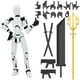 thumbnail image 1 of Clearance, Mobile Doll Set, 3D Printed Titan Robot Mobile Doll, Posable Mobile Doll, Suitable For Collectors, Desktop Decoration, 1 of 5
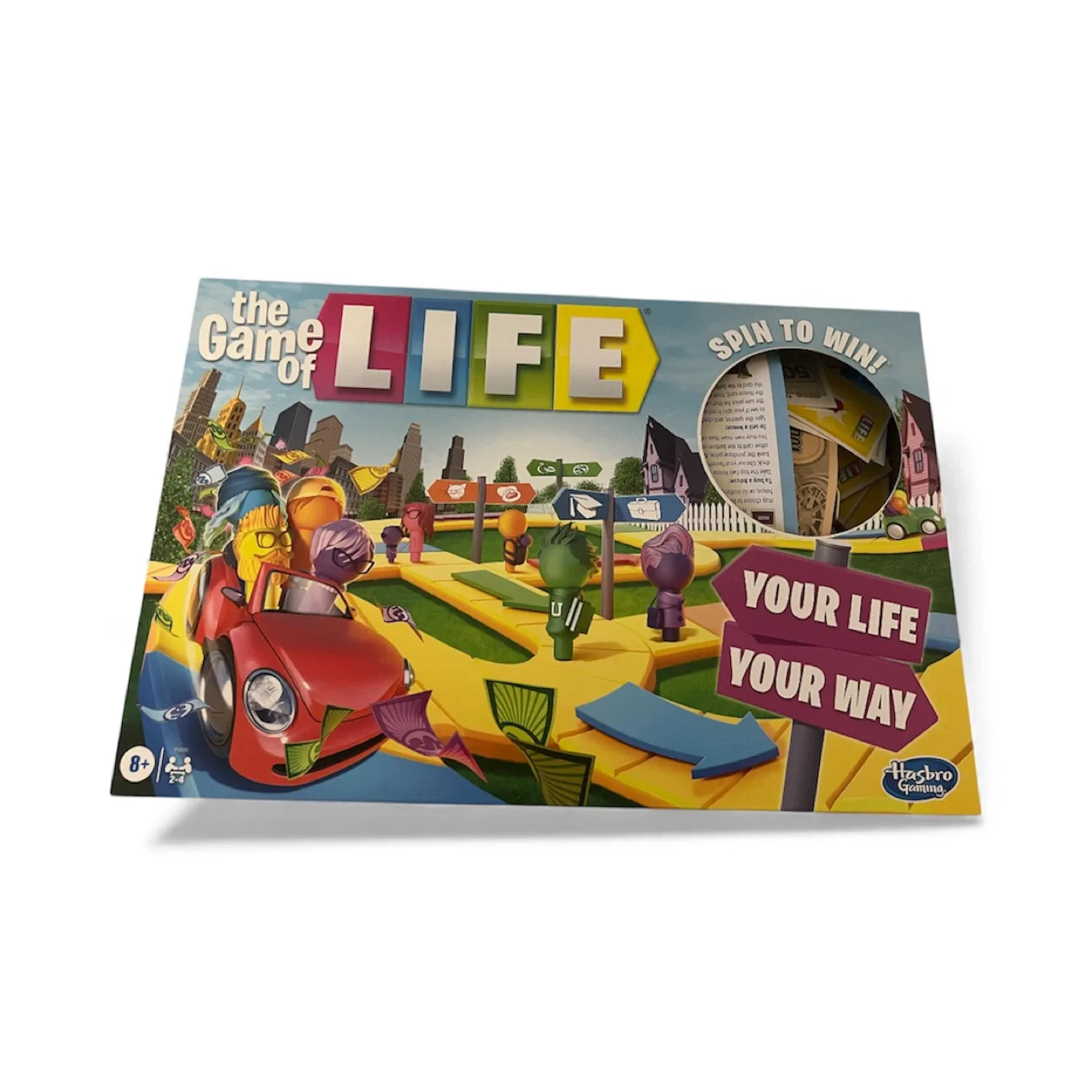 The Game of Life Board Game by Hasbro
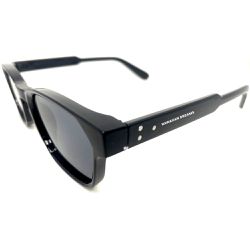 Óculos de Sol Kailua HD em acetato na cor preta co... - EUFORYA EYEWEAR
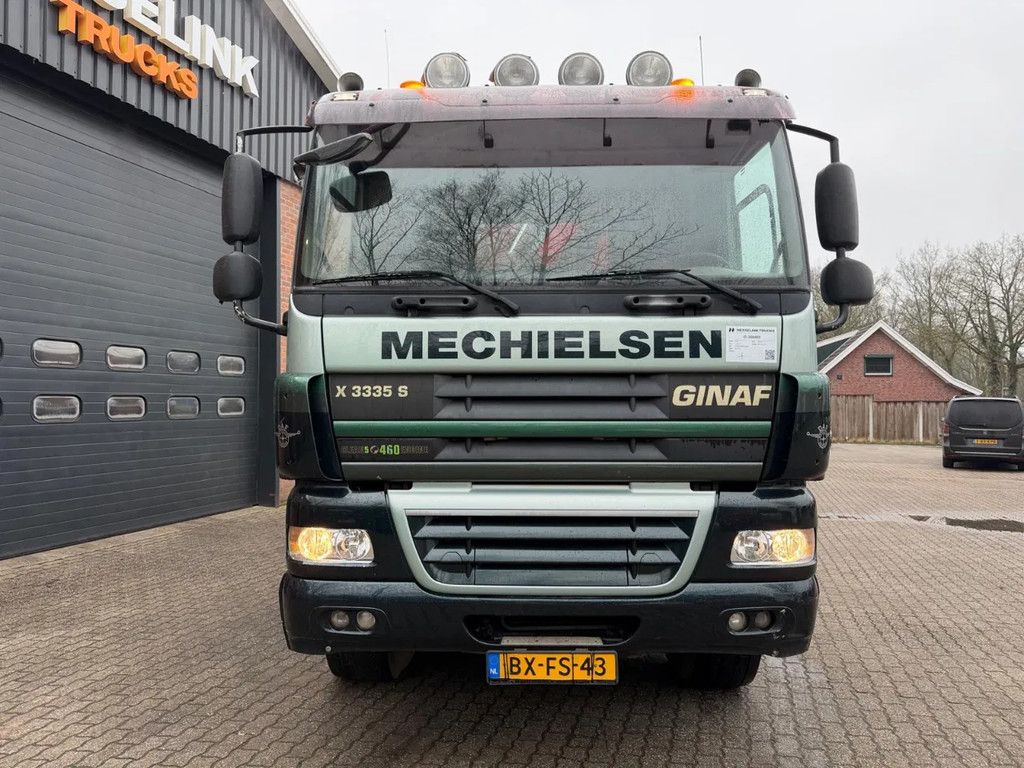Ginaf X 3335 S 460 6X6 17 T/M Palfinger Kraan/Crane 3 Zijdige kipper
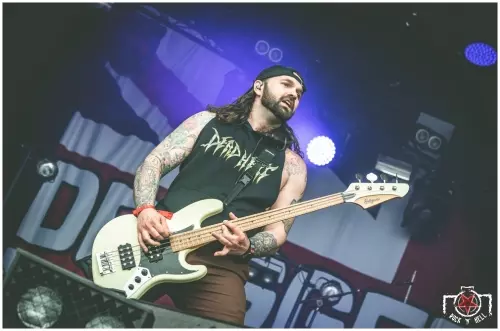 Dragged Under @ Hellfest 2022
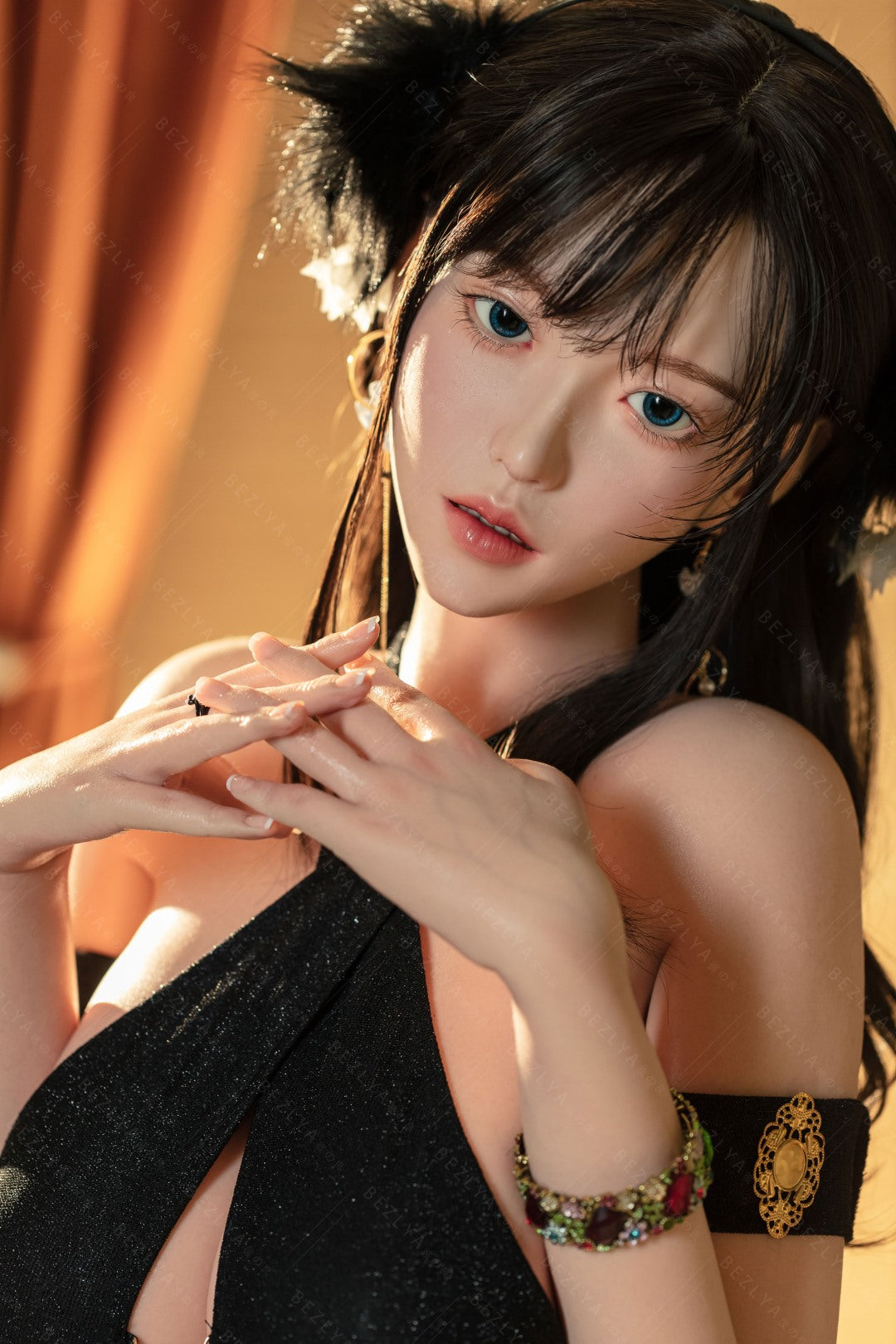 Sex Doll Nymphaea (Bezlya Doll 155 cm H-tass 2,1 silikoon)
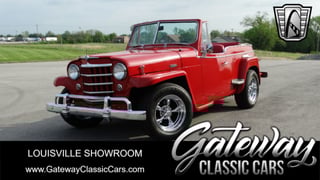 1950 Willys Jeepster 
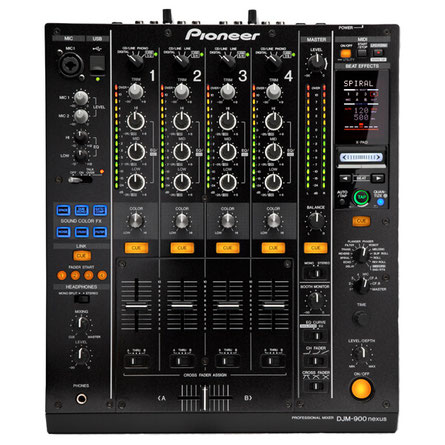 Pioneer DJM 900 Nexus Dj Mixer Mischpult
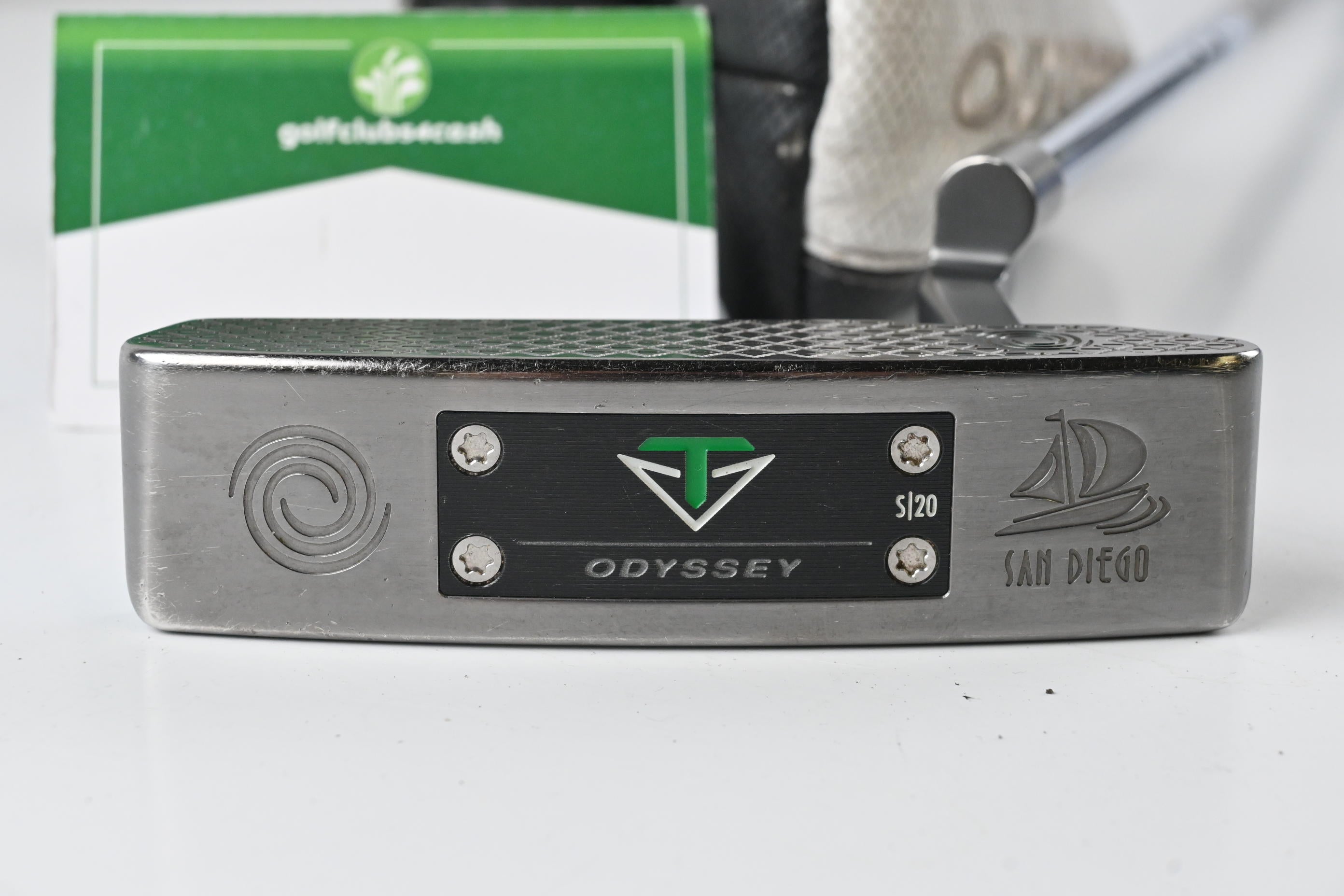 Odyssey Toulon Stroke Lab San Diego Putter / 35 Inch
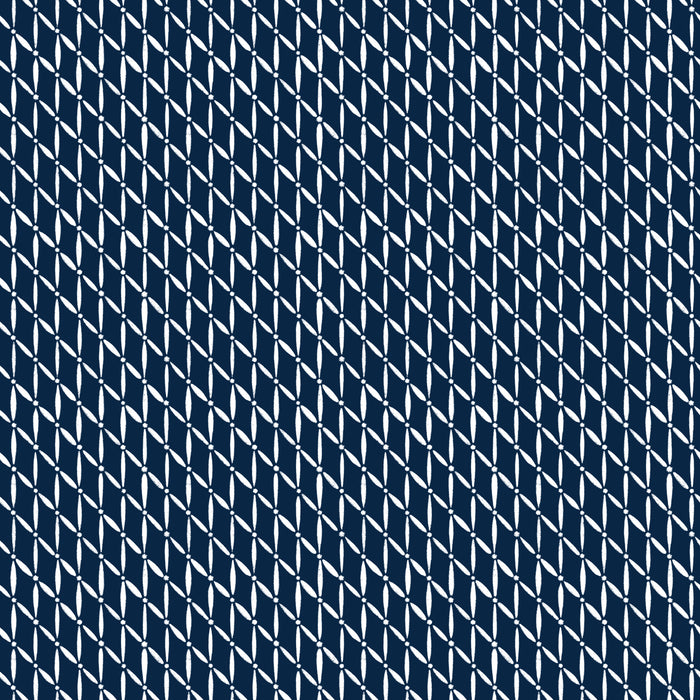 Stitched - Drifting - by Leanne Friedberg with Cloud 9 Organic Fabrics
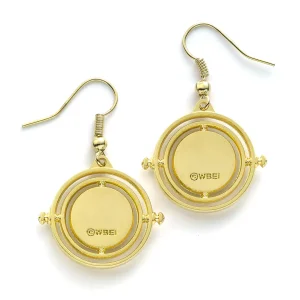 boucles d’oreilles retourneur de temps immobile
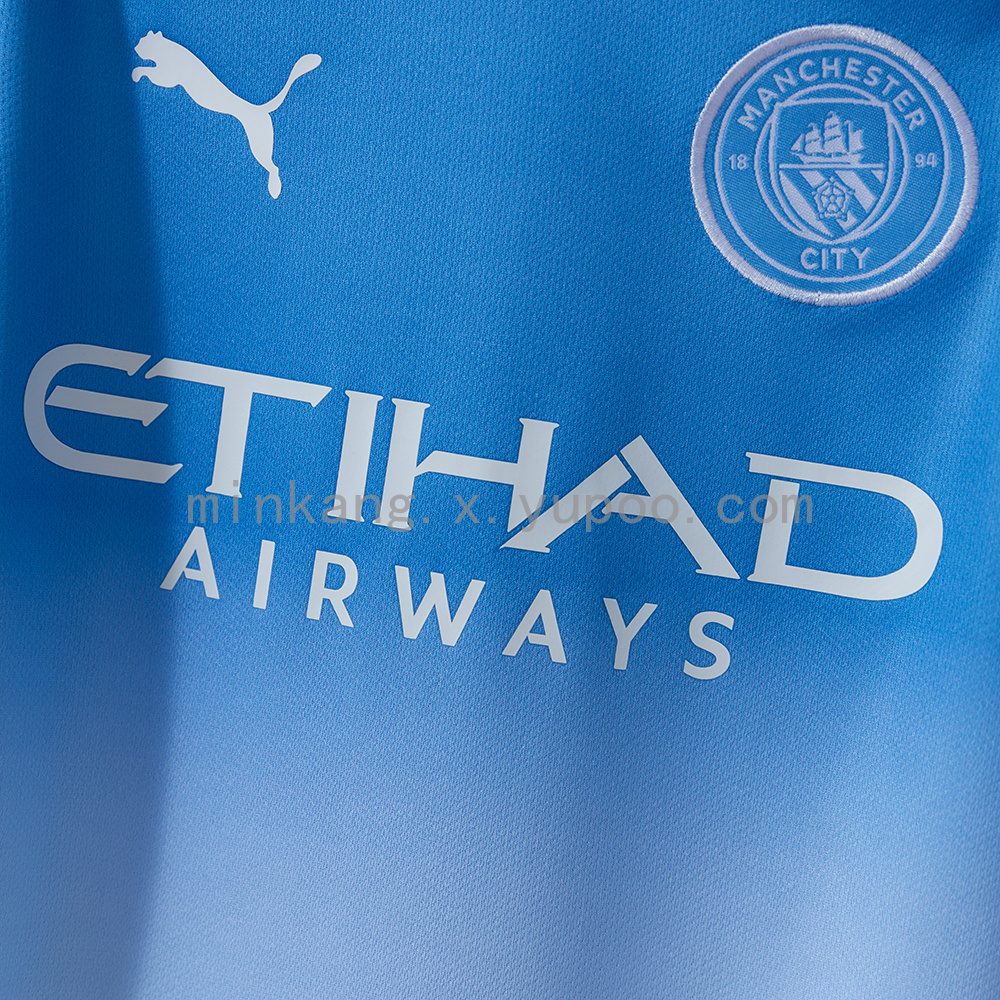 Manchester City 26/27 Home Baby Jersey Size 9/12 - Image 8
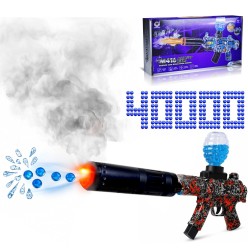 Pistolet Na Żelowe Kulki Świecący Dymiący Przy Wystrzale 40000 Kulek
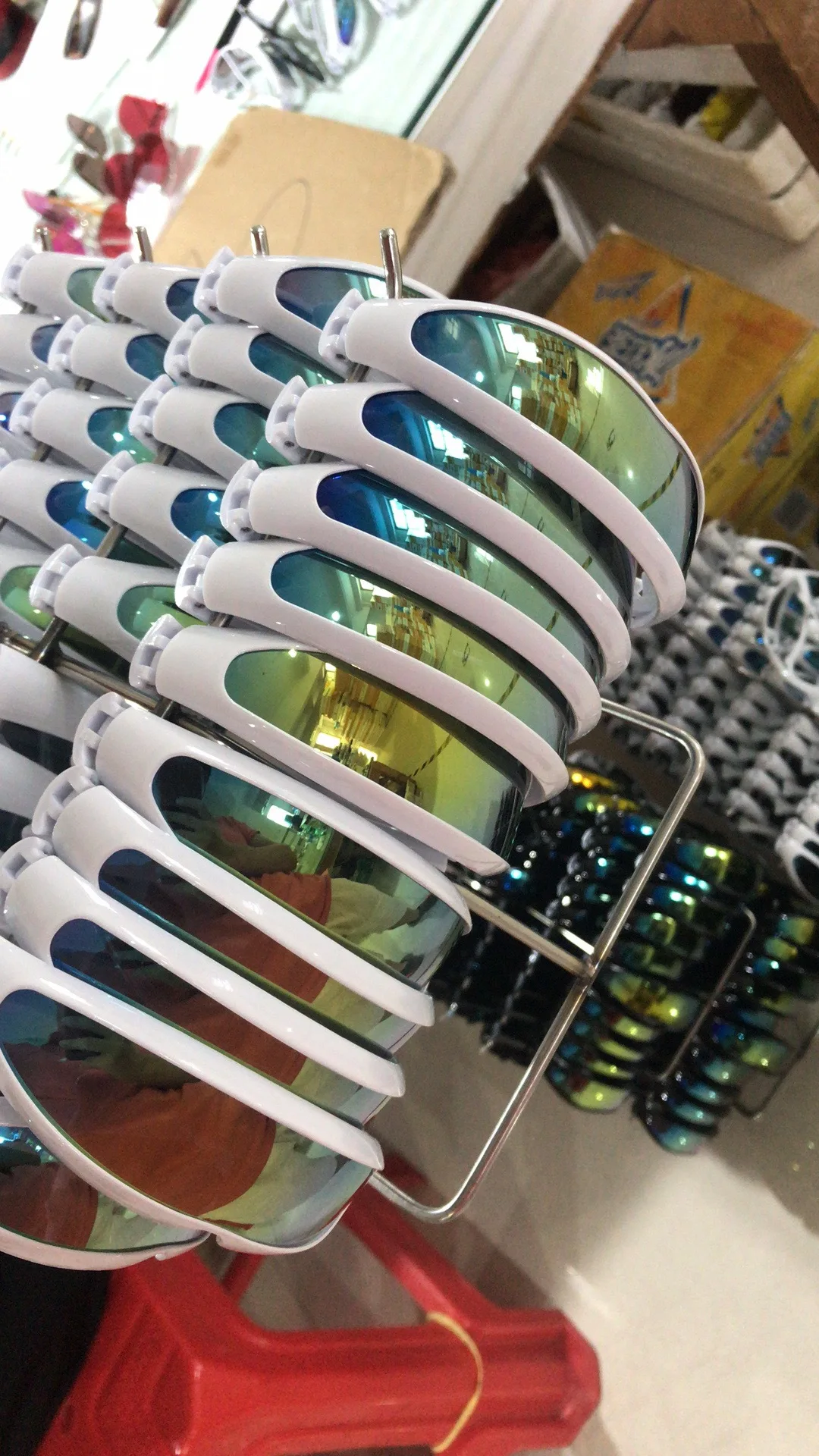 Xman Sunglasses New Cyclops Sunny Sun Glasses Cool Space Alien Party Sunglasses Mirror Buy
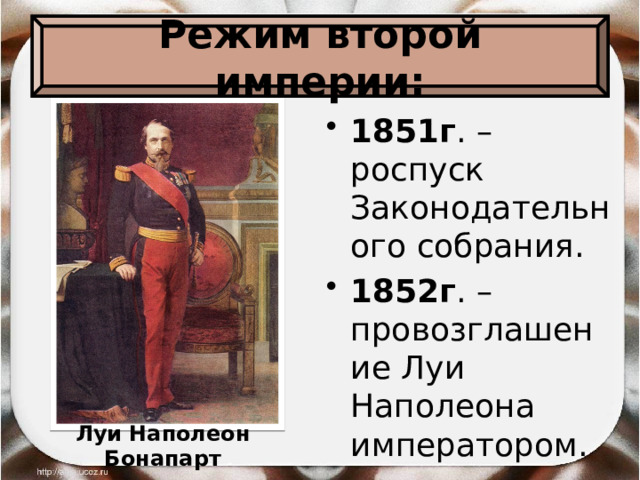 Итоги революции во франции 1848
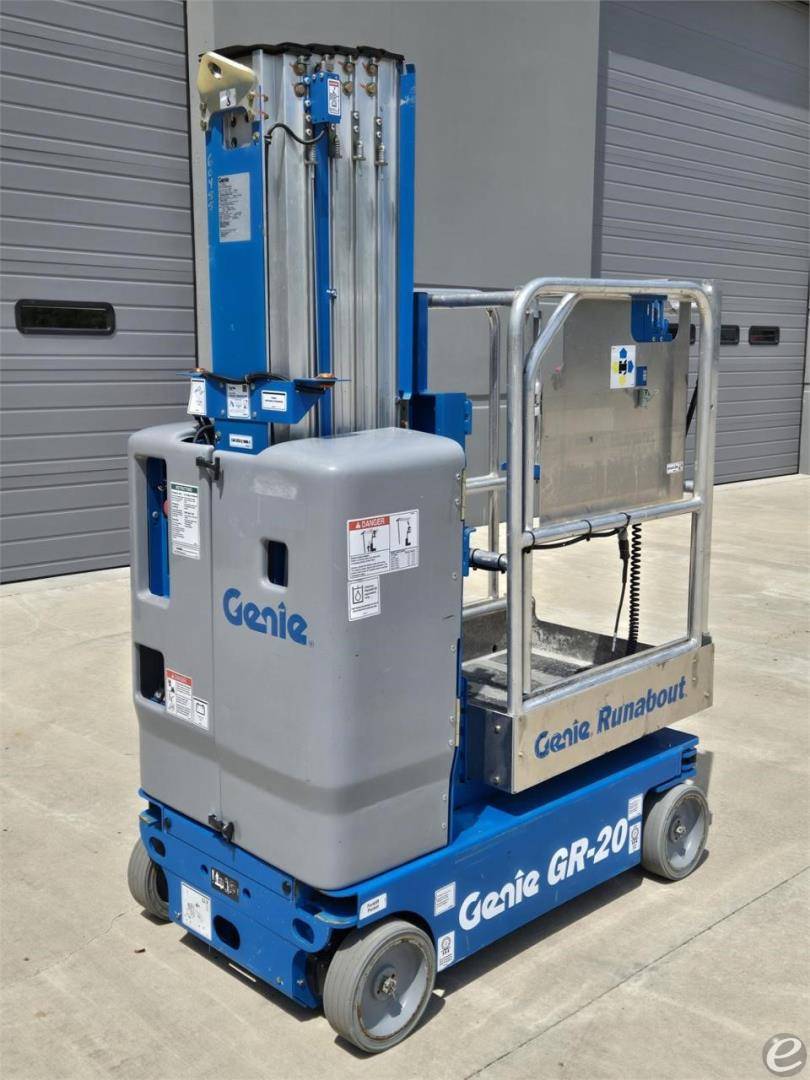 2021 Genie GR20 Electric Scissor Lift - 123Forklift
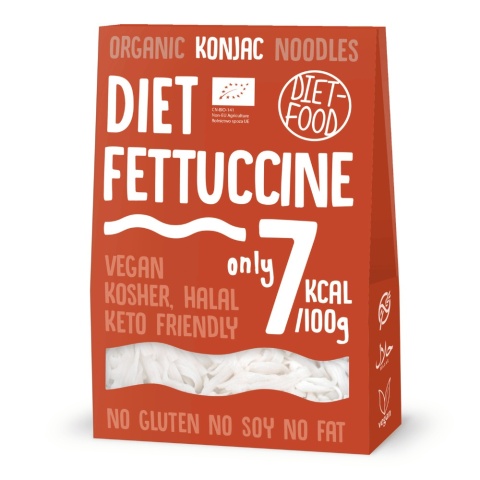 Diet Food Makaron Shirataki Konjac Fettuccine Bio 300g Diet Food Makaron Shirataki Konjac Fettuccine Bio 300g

______________________________

• [Work required]: Take the lines of the material above from the first through the one containing "Pioneer DJM 900 Nexus Dj Mixer Mischpult", both included, and print them exactly without the pictures.

• [Task response]:
 thumbnail image 1 of Clearance, Mobile Doll Set, 3D Printed Titan Robot Mobile Doll, Posable Mobile Doll, Suitable For Collectors, Desktop Decoration, 1 of 5
 The Game of Life Board Game by Hasbro
 Óculos de Sol Kailua HD em acetato na cor preta co... - EUFORYA EYEWEAR
Ginaf X 3335 S 460 6X6 17 T/M Palfinger Kraan/Crane 3 Zijdige kipper
 Dragged Under @ Hellfest 2022
 Sex Doll Nymphaea (Bezlya Doll 155 cm H-tass 2,1 silikoon)
 1950 Willys Jeepster 
 Pioneer DJM 900 Nexus Dj Mixer Mischpult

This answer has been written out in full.